A POLITICAL HISTORY OF THE
STATE OF NEW YORK
CHAPTER I
THE UPRISING OF THE NORTH
1861
While politicians indecently clamoured for office, as indicated in the concluding chapter of the preceding volume, President Lincoln, whenever escape from the patronage hunters permitted, was considering the wisdom of provisioning Fort Sumter. Grave doubt obtained as to the government's physical ability to succour the fort, but, assuming it possible, was it wise as a political measure? The majority of the Cabinet, including Seward, voted in the negative, giving rise to the report that Sumter would be abandoned. Union people generally, wishing to support the brave and loyal action of Major Anderson and his little band, vigorously protested against such an exhibition of weakness, and the longer the Government hesitated the more vigorously the popular will resented such a policy. Finally, on March 29, in spite of General Scott's advice and Secretary Seward's opinion, the President, guided by public sentiment, directed a relief expedition to be ready to sail as early as April 6.
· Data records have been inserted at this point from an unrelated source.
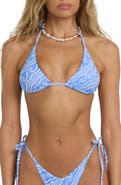 Billabong More Than Waves Multifit Triangle Bikini Top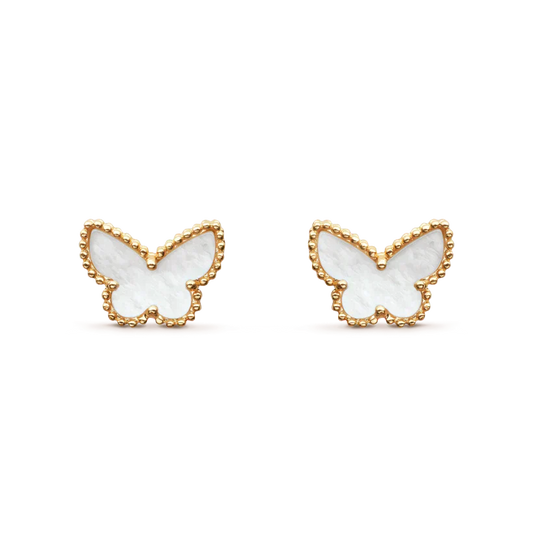 [Crown & Jewelry]SWEET BUTTERFLY MOP EARSTUDS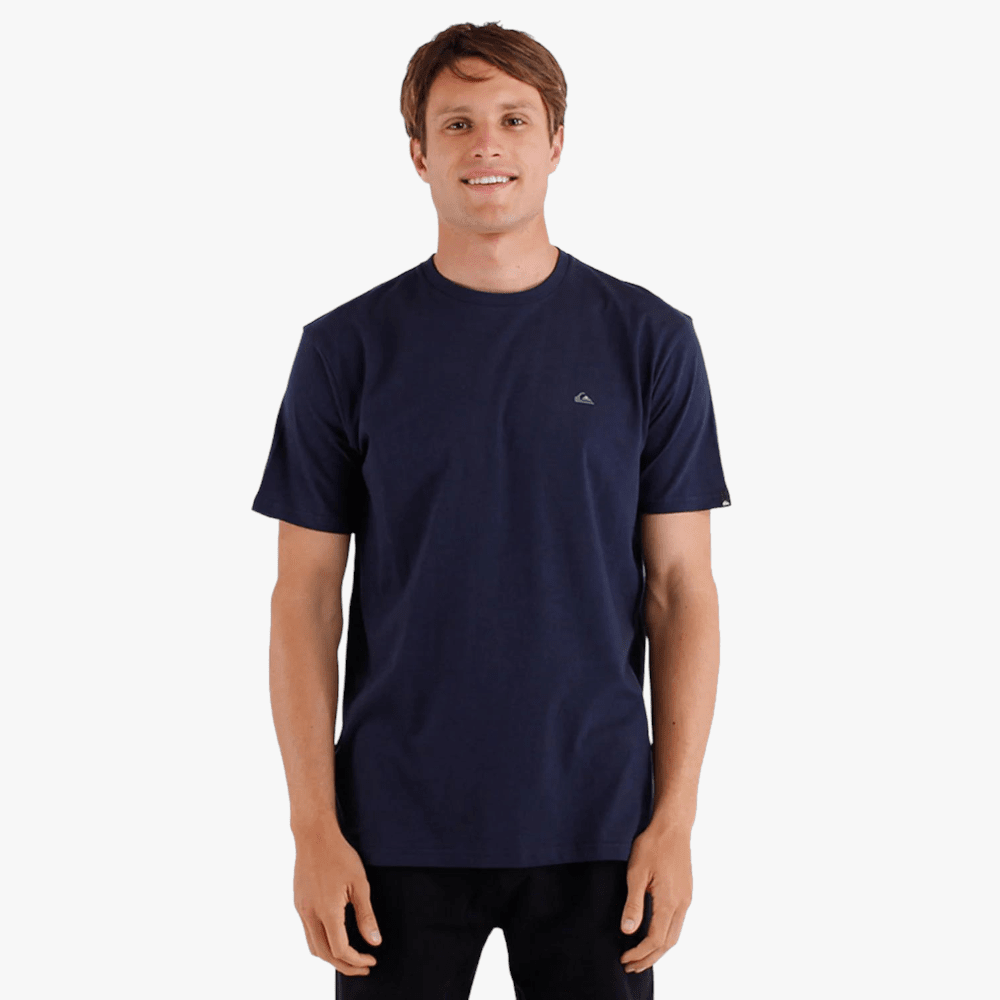 Quiksilver Mens Essentials Short Sleeve Tee Navy Blazer | Quiksilver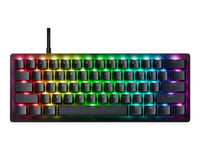 Razer Huntsman V3 Pro - Tastatur - 60% - Mini - Bakgrunnsbelyst - Usb - Qwerty - Usa - Tastsvitsj: Razer Analog Optical Switches (Gen-2)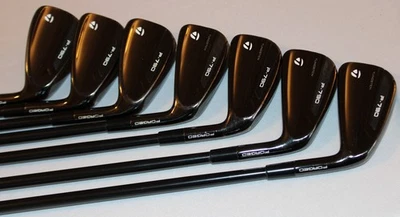 JUEGO HIERRO NEGRO TAYLORMADE P-790 4-PW RH DYNAMIC GOLD 105 S300 RÍGIDO Foto 1 de 4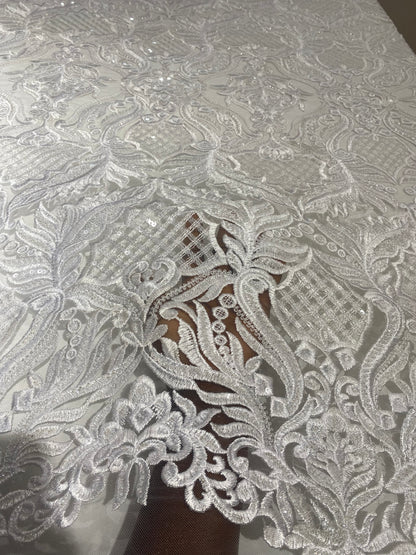 Embroidery Beaded Lace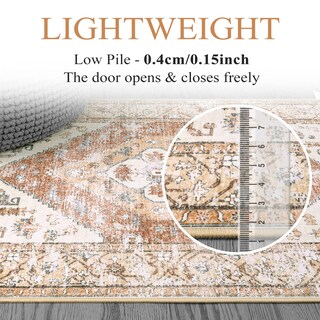 Foto 2 | Foto 2 | Rug Runner Lahome Boho, Lavable, 60 X 150 Cm, Antideslizante, Felpilla - Venta Internacional.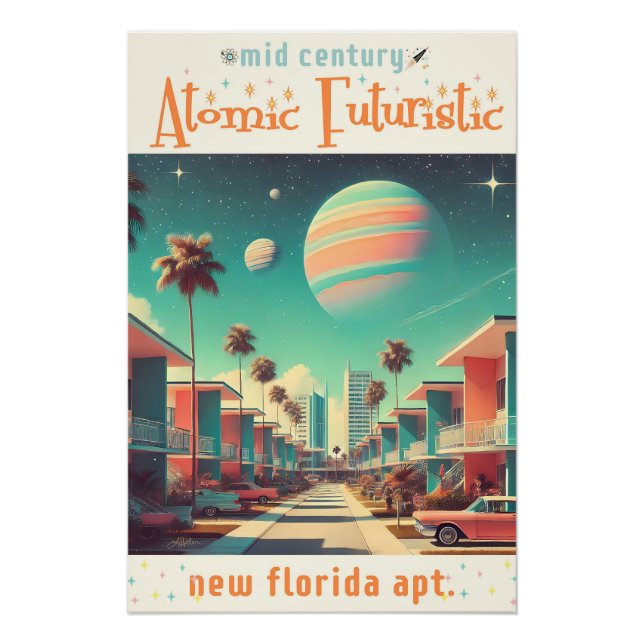 Atomic Futuristic New Florida Apartments Poster (Front)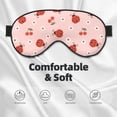 thumbnail image 3 of Fuzoiu Ladybug With Flower Print Sleep Masks,Eye Masks with Adjustable Strap for Sleeping,Night Eye Shade for Women Men,Eye Cover for Full Night's Sleep, Travel and Nap, 3 of 7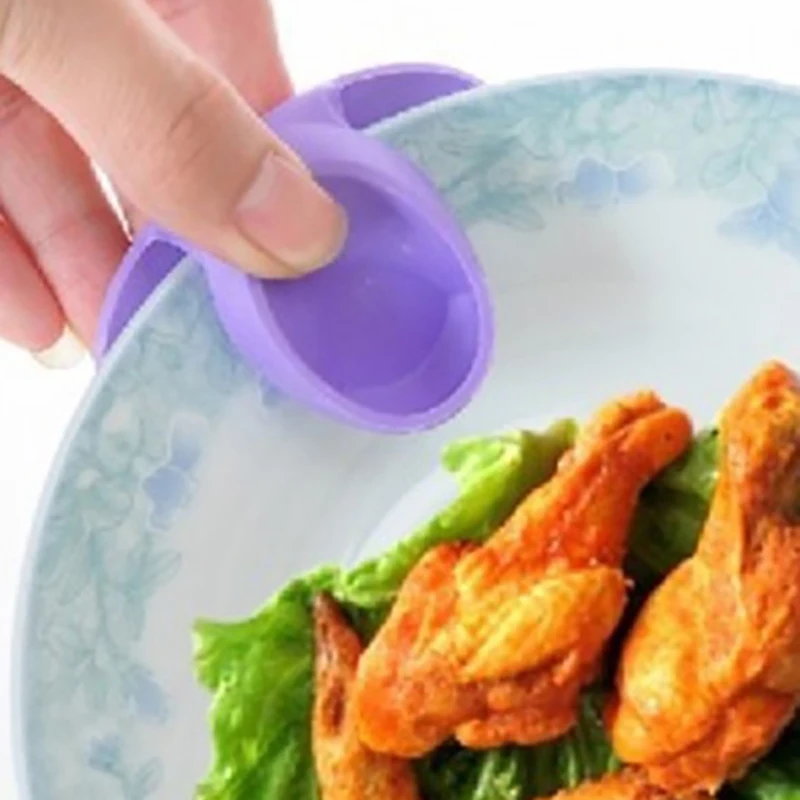 

1Pc Kitchen Dishes Silicone Oven Heat Insulated Finger Glove Creative Microwave Silicone Insulation Clip Kitchen Gadgets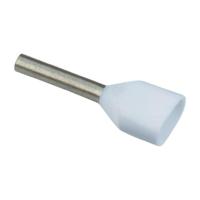 Vogt Verbindungstechnik 470108D Dubbele adereindhulzen 0.5 mm² Deels geïsoleerd Wit 100 stuk(s) - thumbnail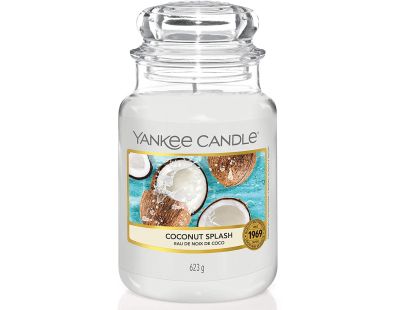 Bougie jarre en verre senteur  eau de coco (Grand modèle)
Meanwhile a Confederate constitution had been adopted, a Confederate flag raised over the capitol at Montgomery, and a Confederate Congress assembled, which had authorised the enlistment of 100,000 volunteers, the issue of $1,000,000 in treasury notes, and the organisation of a navy. To take charge of military operations at Charleston, the Confederate government commissioned Pierre T. Beauregard a brigadier-general and placed him in command of South Carolina.
Beauregard quickly learned of Lincoln's decision to relieve Sumter, and upon the Confederate authorities devolved the grave responsibility of reducing the fort before the relief expedition arrived. In discussing this serious question Robert Toombs, the Confederate secretary of state, did not hesitate to declare that "the firing upon it at this time is suicide, murder, and will lose us every friend at the North. You will wantonly strike a hornet's nest which extends from mountain to ocean, and legions now quiet will swarm out and sting us to death. It is unnecessary; it puts us in the wrong; it is fatal."[1]